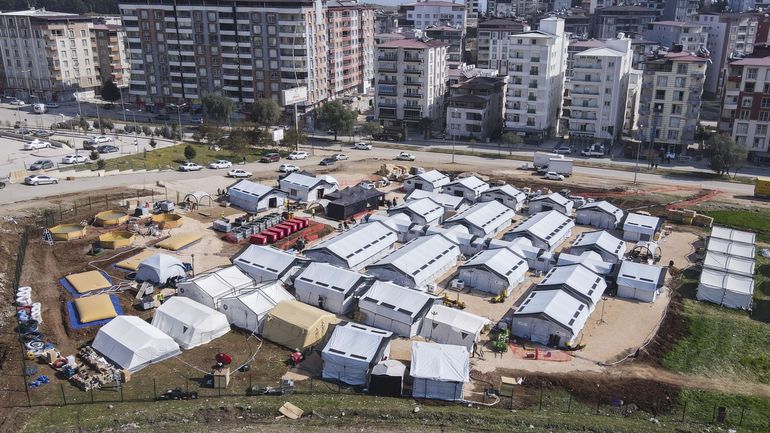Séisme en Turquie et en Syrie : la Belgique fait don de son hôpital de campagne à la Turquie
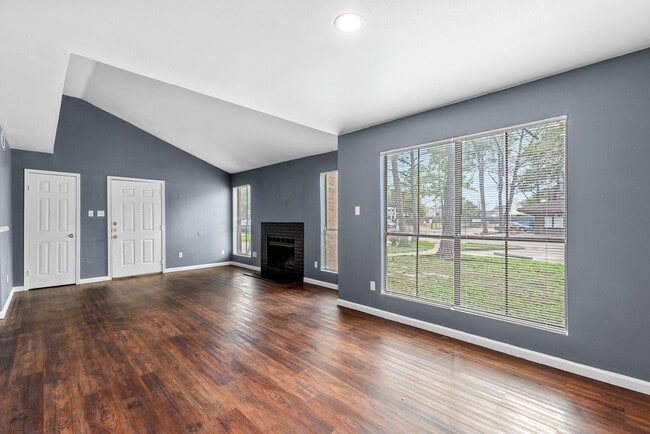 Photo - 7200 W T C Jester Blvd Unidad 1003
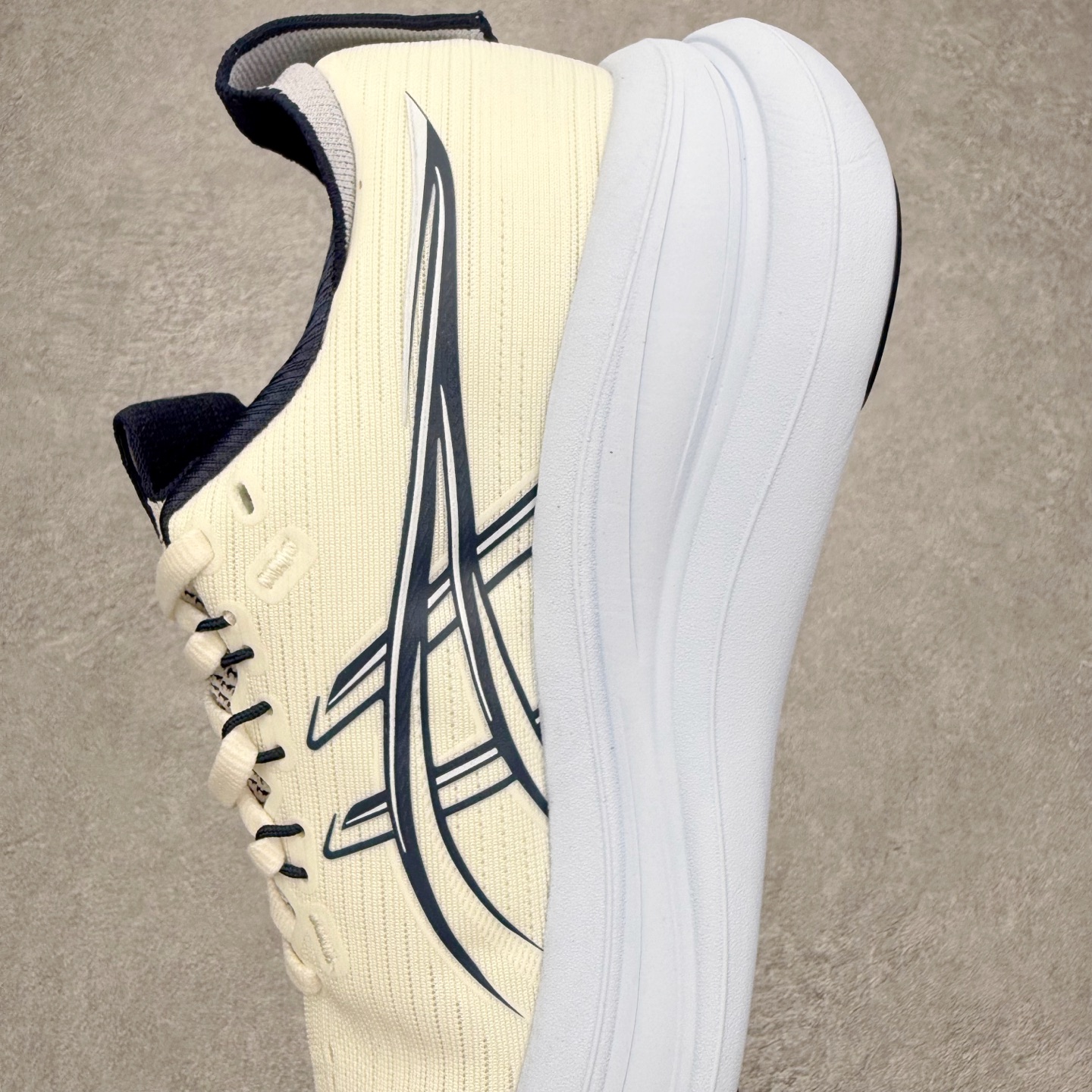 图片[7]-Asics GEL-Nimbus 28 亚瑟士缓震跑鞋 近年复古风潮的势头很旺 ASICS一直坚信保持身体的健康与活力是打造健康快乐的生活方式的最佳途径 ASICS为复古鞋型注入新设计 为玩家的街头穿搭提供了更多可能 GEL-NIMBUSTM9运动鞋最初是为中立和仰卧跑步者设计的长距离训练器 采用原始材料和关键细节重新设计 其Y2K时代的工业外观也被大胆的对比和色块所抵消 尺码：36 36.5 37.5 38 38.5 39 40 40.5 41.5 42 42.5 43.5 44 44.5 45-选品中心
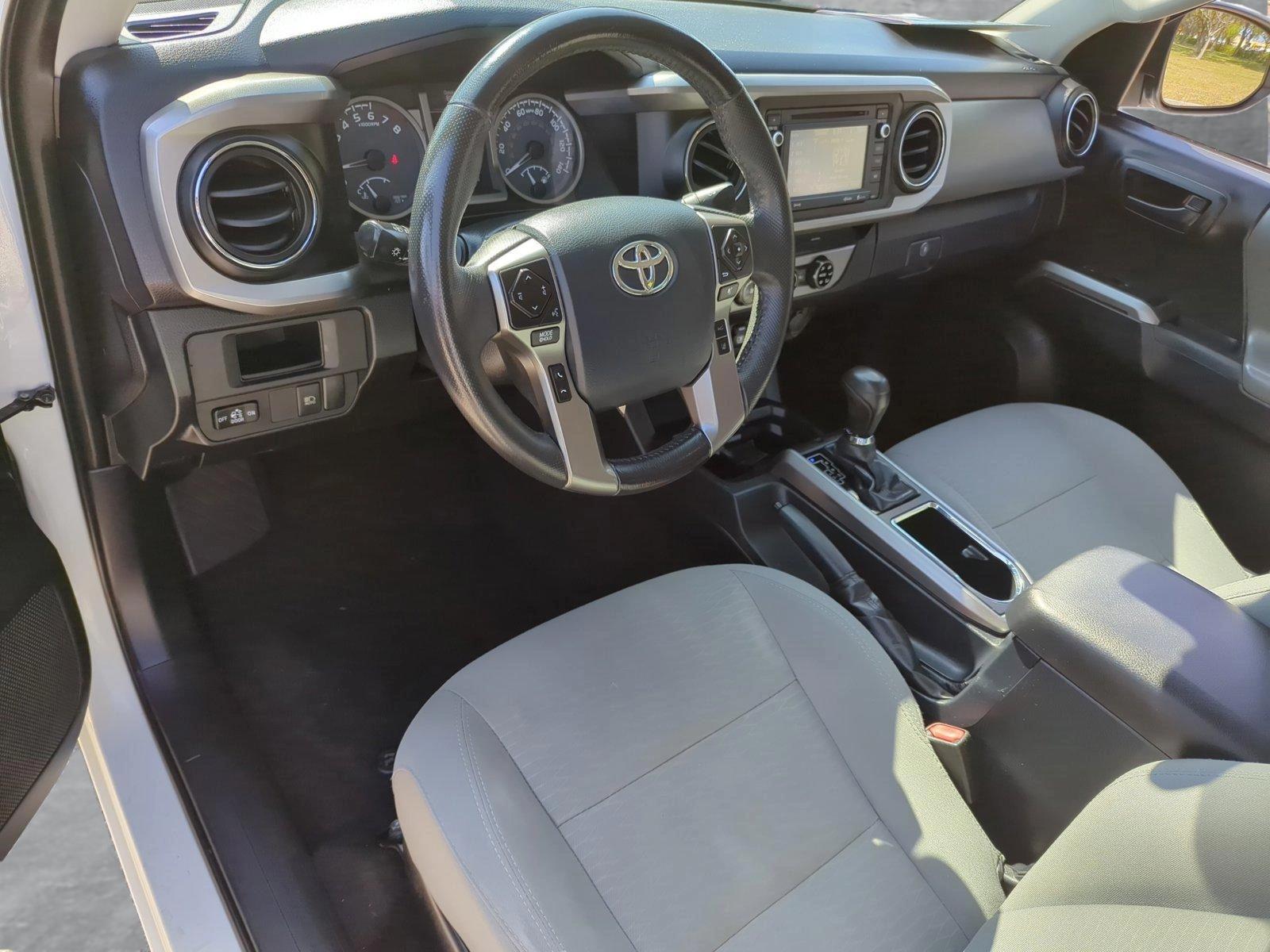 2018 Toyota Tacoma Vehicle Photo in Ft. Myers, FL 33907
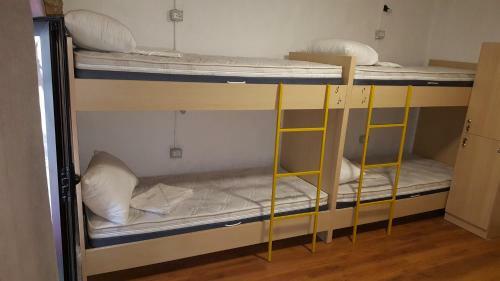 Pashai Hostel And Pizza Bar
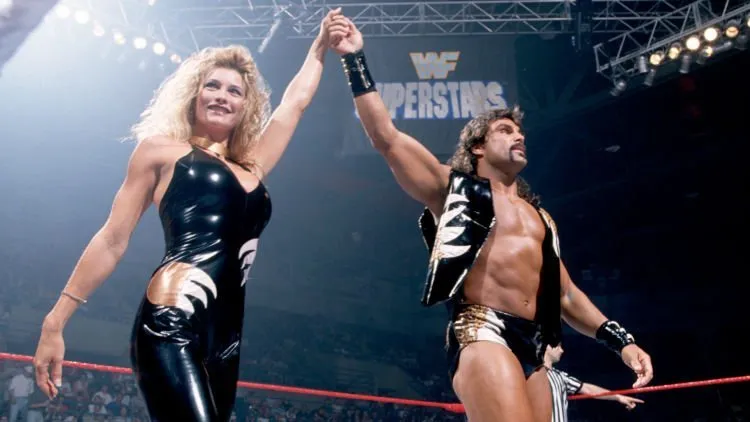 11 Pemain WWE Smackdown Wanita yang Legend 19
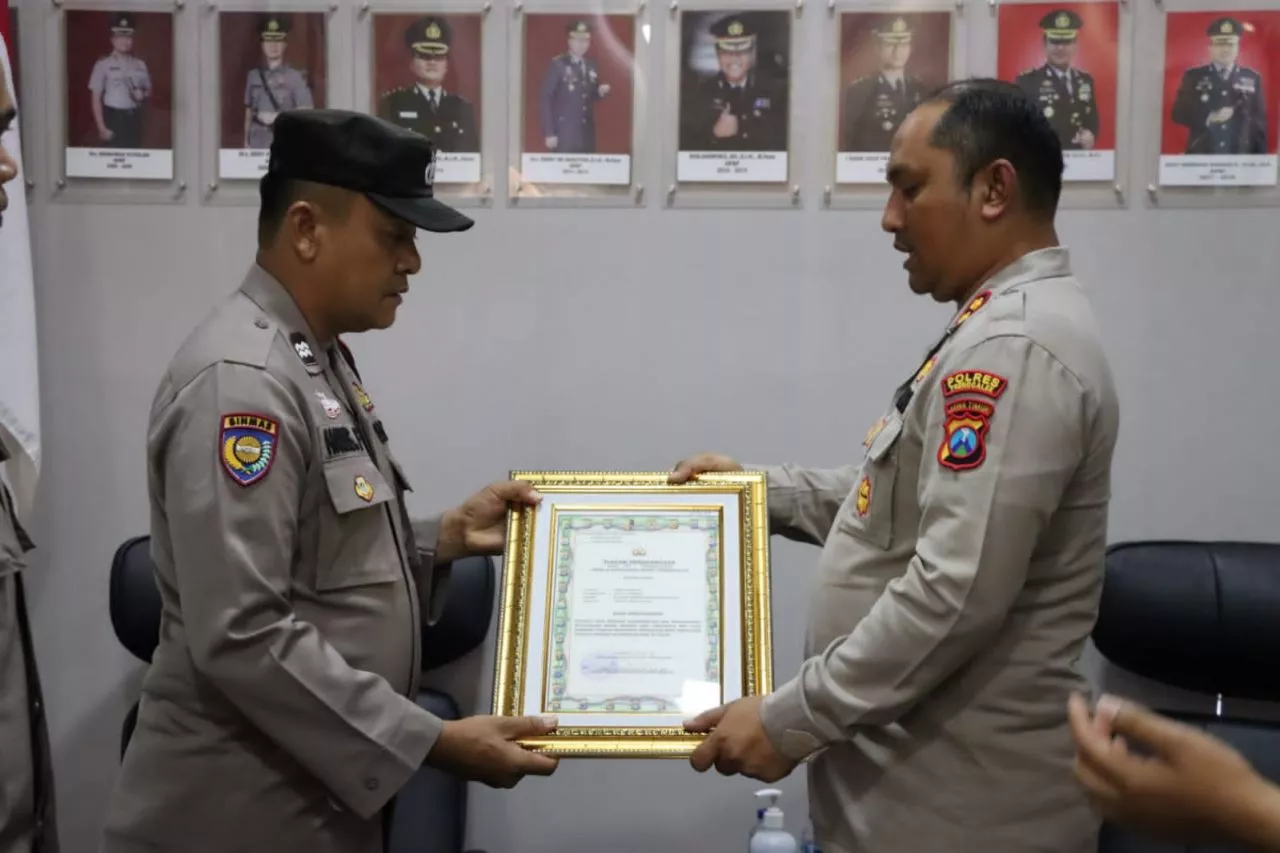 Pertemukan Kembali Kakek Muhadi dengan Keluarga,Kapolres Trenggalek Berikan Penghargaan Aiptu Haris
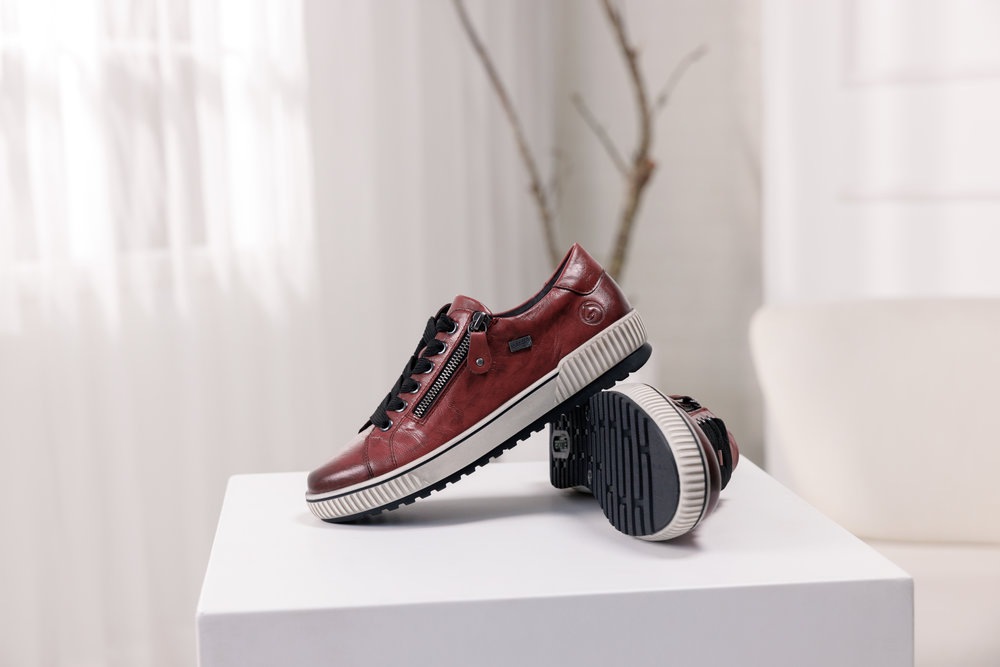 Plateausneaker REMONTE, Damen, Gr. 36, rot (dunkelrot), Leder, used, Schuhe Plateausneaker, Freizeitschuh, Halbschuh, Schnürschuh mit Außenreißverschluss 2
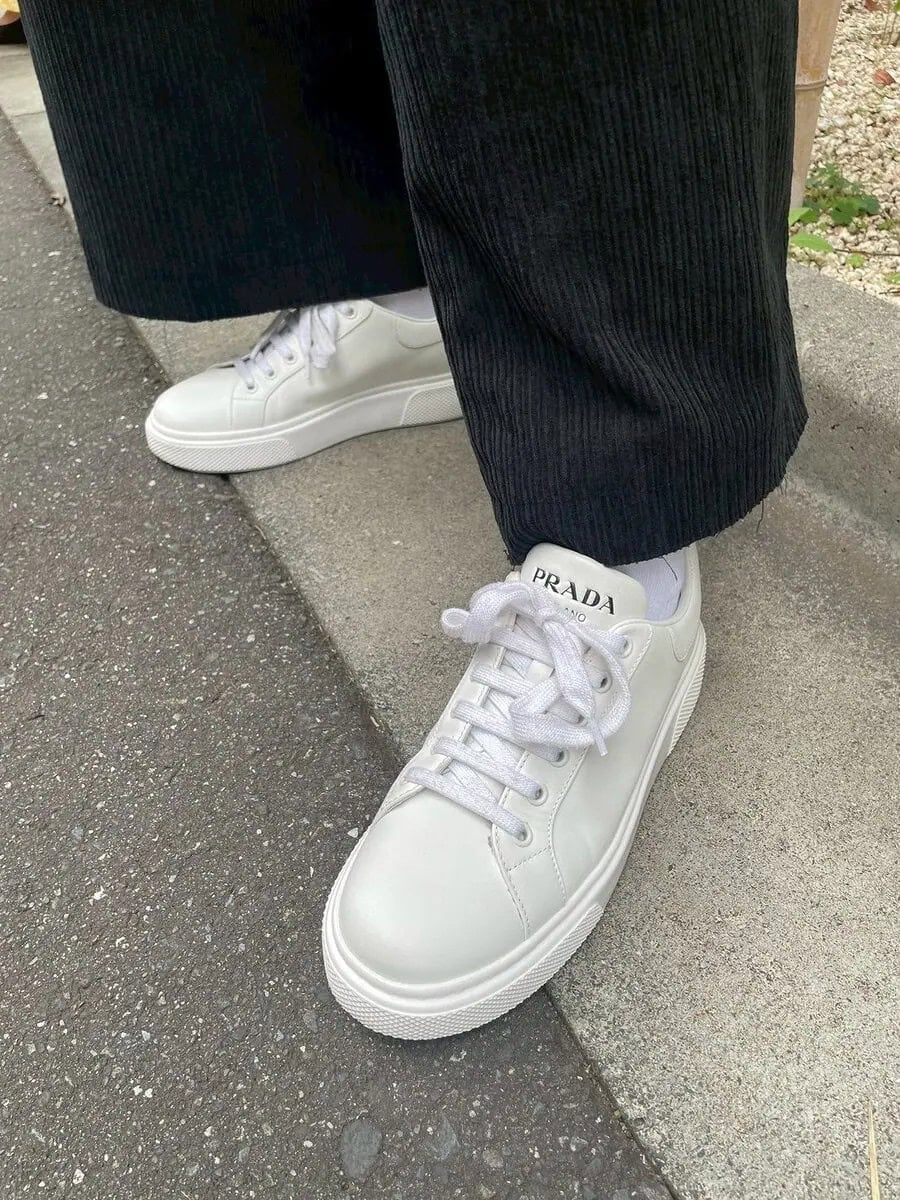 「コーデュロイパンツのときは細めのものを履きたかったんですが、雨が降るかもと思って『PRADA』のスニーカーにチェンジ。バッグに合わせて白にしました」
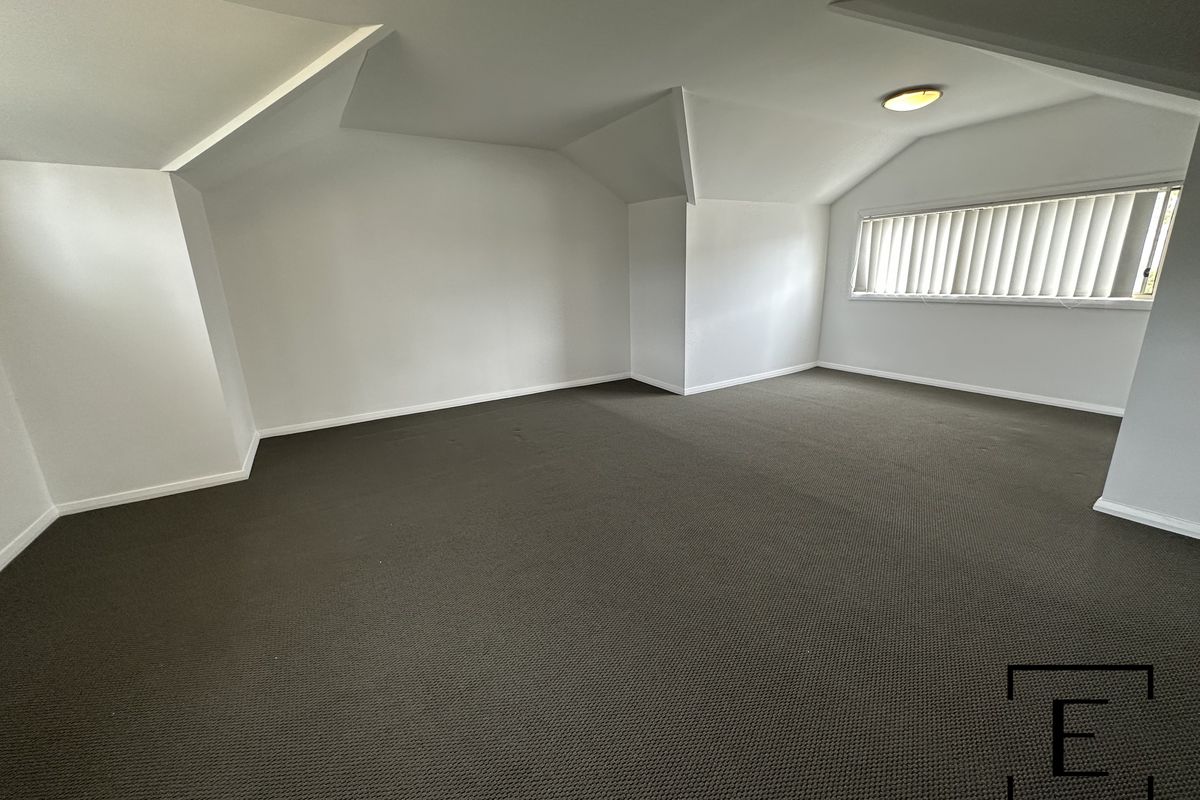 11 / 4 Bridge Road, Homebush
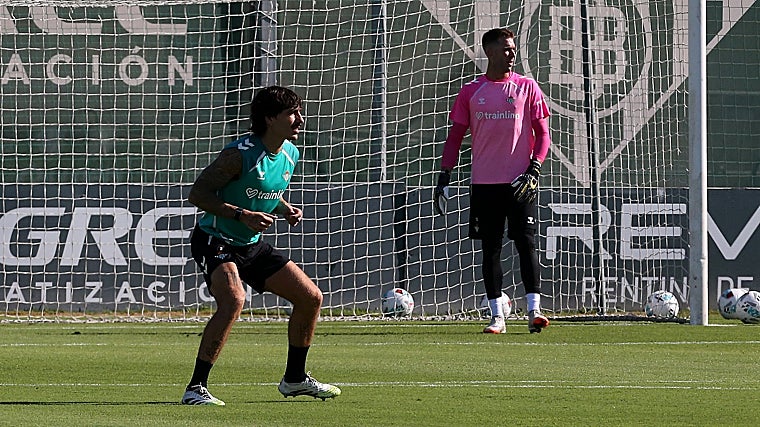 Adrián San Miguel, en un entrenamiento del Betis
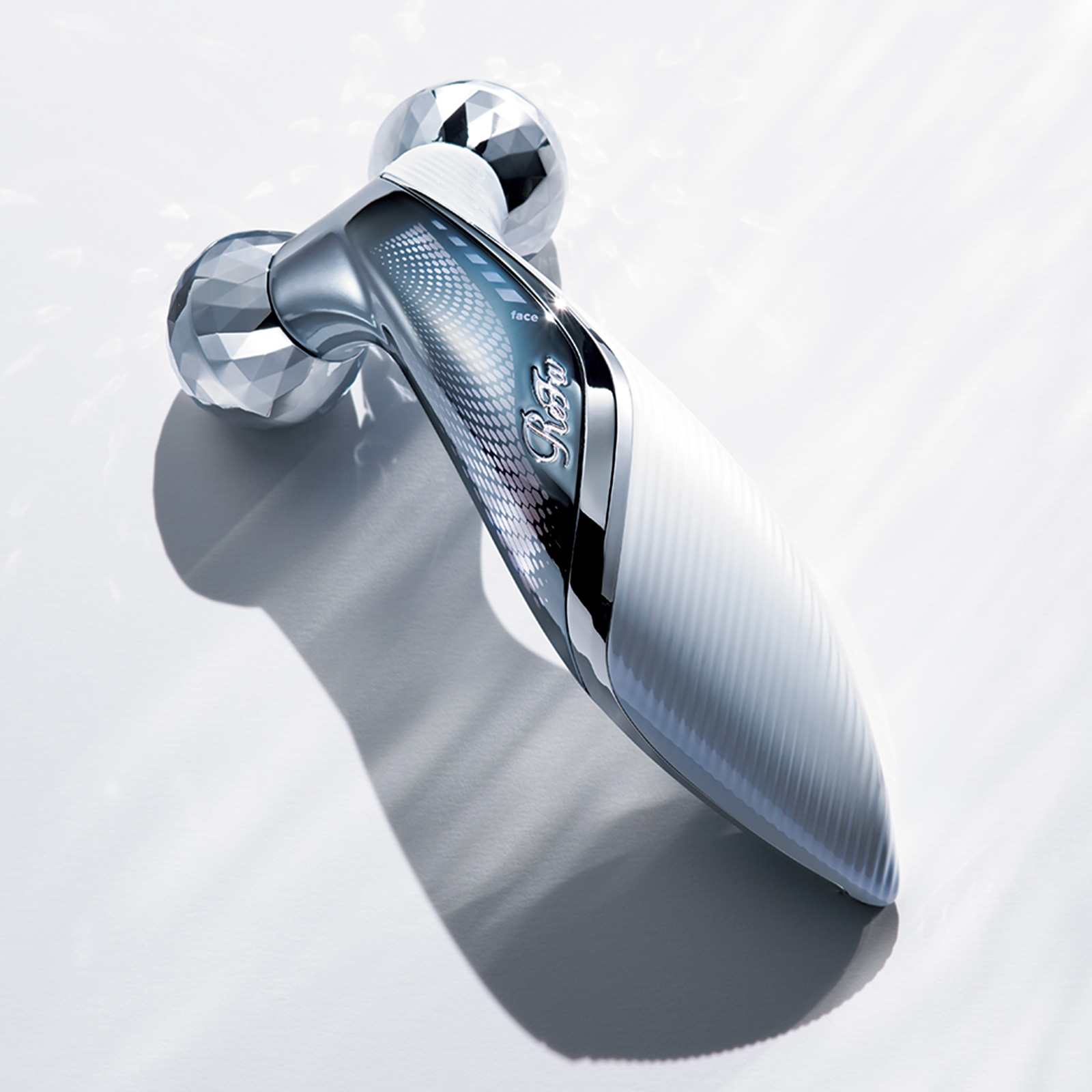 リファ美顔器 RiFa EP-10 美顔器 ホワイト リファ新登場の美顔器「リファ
::::
The range to transcribe runs from the line holding "Adrián San Miguel, en" through the final line of the data above; copy it exactly and exclude the pictures.

 Adrián San Miguel, en un entrenamiento del Betis
 リファ美顔器 RiFa EP-10 美顔器 ホワイト リファ新登場の美顔器「リファ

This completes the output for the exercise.